▸ **Required work**: Would you retype the whole listing verbatim, keeping pictures out of it?

Given information START

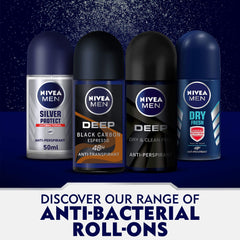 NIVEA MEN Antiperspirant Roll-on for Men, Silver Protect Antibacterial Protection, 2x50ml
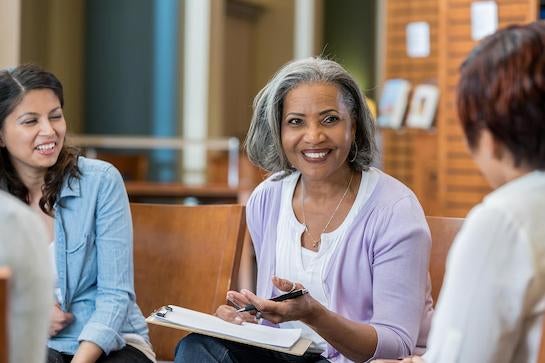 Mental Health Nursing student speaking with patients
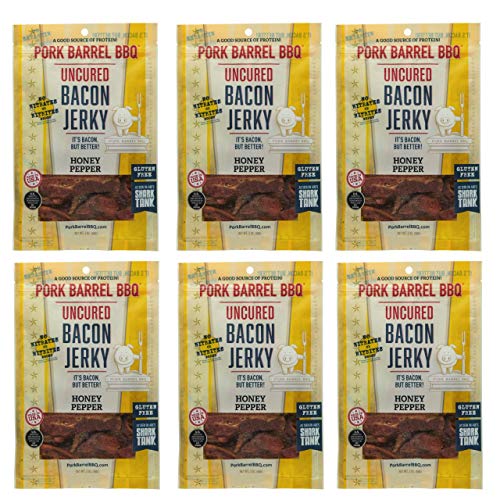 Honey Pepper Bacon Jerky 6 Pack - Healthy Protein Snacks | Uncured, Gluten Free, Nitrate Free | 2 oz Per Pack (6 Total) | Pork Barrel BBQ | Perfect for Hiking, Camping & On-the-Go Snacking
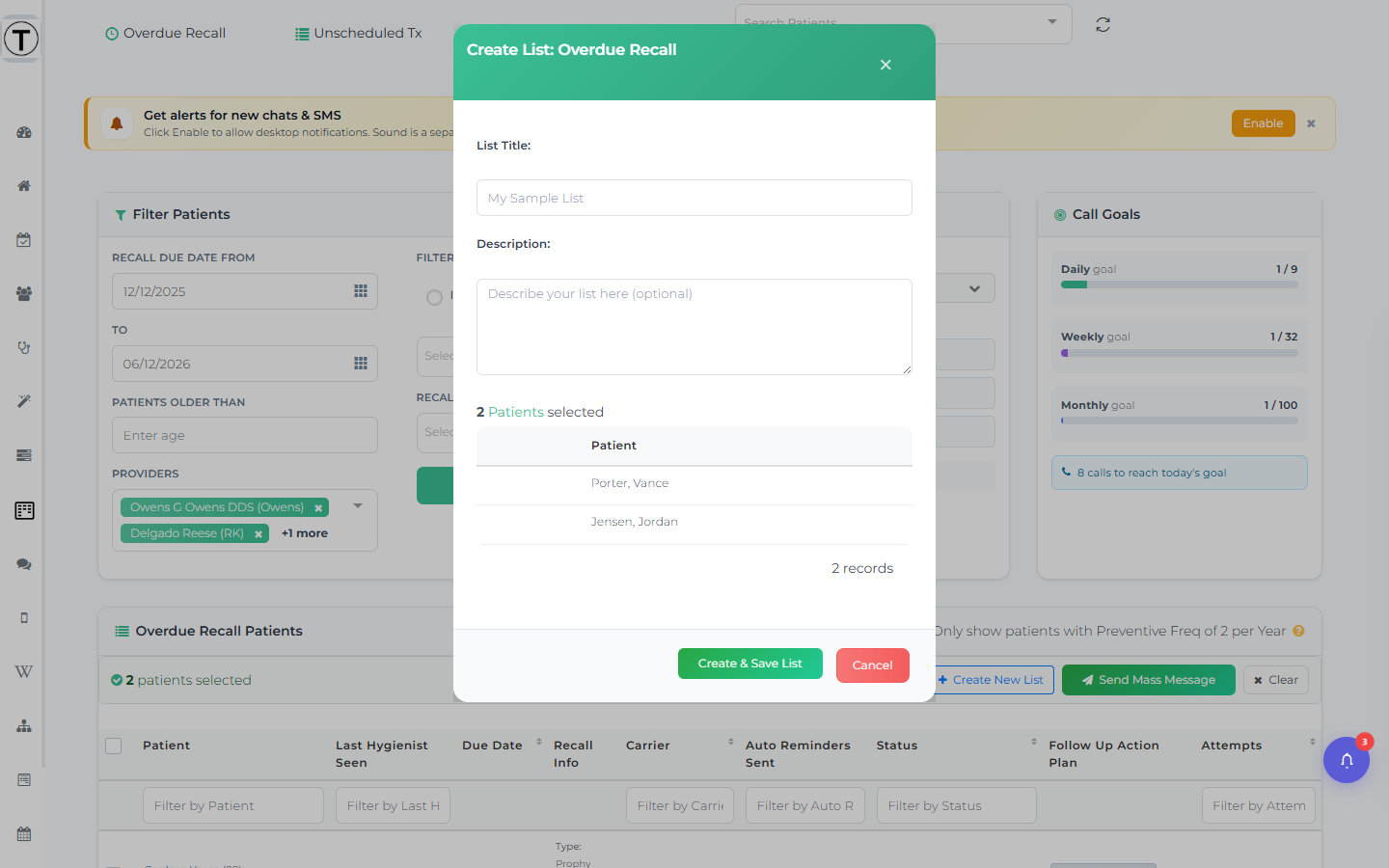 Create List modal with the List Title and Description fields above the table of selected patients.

Given information END

▸ **Exercise solution**:
 NIVEA MEN Antiperspirant Roll-on for Men, Silver Protect Antibacterial Protection, 2x50ml
 Mental Health Nursing student speaking with patients
 Honey Pepper Bacon Jerky 6 Pack - Healthy Protein Snacks | Uncured, Gluten Free, Nitrate Free | 2 oz Per Pack (6 Total) | Pork Barrel BBQ | Perfect for Hiking, Camping & On-the-Go Snacking
 Create List modal with the List Title and Description fields above the table of selected patients.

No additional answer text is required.